• _Work task_
Search the data for the word "фото" and copy every line that contains it.

[Caption-style text data]
#####
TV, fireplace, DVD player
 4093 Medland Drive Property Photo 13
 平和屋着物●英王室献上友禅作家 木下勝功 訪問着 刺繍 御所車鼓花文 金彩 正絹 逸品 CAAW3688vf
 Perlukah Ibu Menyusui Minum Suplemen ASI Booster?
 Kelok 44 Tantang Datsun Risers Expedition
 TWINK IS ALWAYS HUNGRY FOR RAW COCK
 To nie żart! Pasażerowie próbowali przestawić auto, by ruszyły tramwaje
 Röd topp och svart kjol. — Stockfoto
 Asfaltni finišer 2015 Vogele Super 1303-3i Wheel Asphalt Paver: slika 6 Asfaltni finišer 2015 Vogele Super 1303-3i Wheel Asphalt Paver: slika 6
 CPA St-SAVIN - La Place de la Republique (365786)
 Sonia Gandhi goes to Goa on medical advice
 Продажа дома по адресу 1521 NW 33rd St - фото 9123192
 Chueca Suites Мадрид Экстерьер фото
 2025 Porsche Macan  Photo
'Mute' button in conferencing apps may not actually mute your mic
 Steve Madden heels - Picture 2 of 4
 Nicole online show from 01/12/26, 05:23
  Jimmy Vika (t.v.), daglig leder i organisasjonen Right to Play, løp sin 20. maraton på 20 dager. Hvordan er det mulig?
#####
• _Problem solution_
 Продажа дома по адресу 1521 NW 33rd St - фото 9123192
 Chueca Suites Мадрид Экстерьер фото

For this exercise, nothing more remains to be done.